→ TO DO
In the records that follow, find the line with "Photoshopped Front Lawn"; from there, retype every line exactly through the line with "Holiday Inn Express", which also belongs to the answer.

→ STORED DATA
[Start of section]

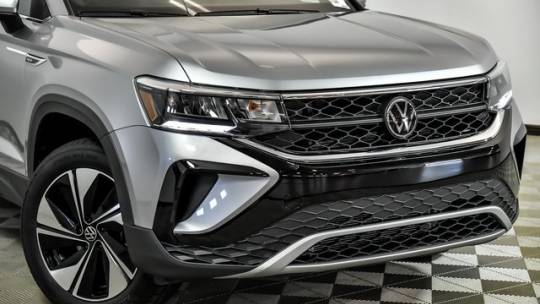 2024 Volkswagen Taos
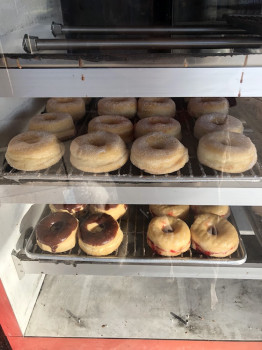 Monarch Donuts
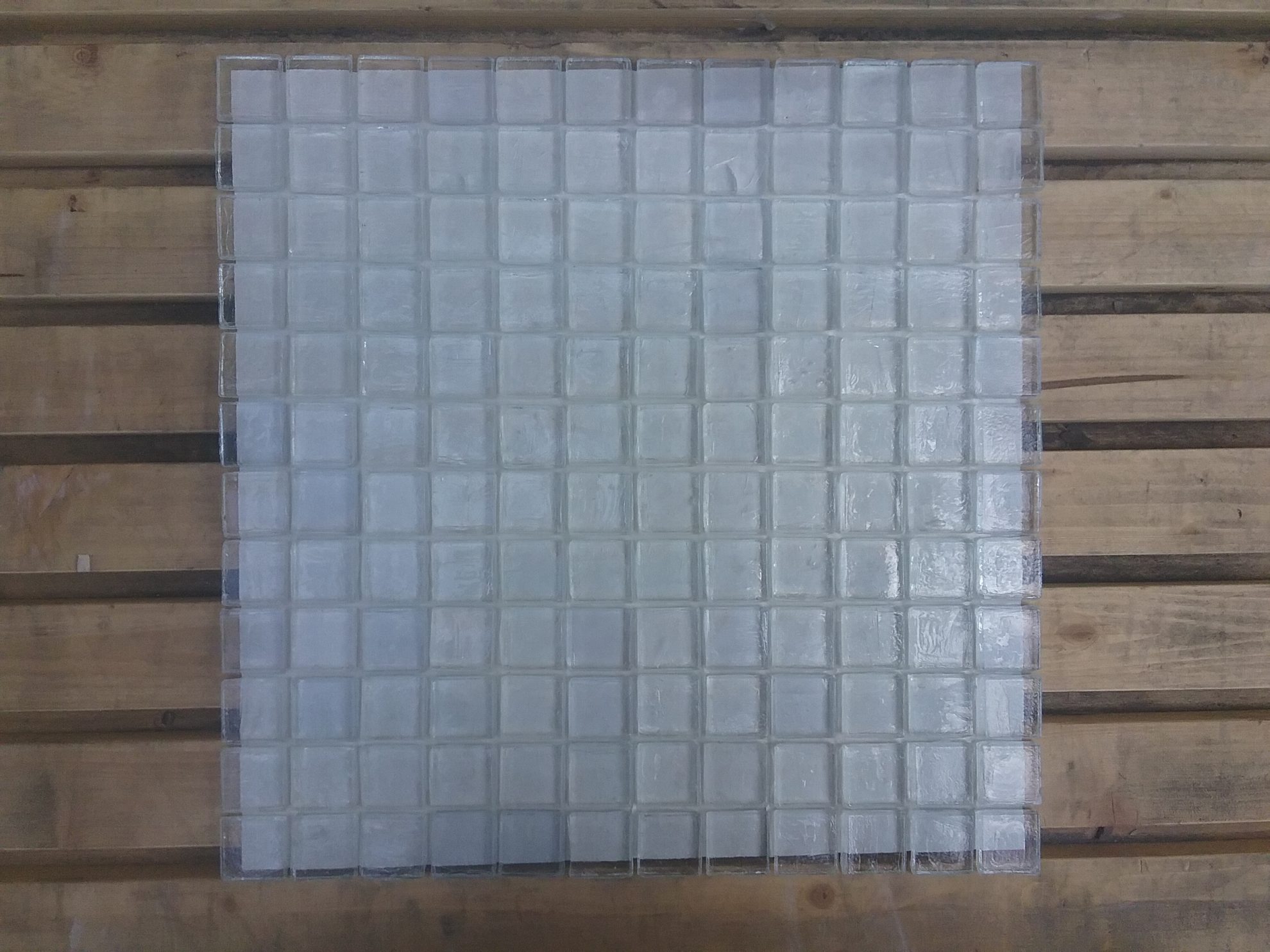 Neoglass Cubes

[End of section]
[Start of section]

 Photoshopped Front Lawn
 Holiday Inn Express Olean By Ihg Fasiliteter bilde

[End of section]

→ TASK ANSWER
 Photoshopped Front Lawn
 Holiday Inn Express Olean By Ihg Fasiliteter bilde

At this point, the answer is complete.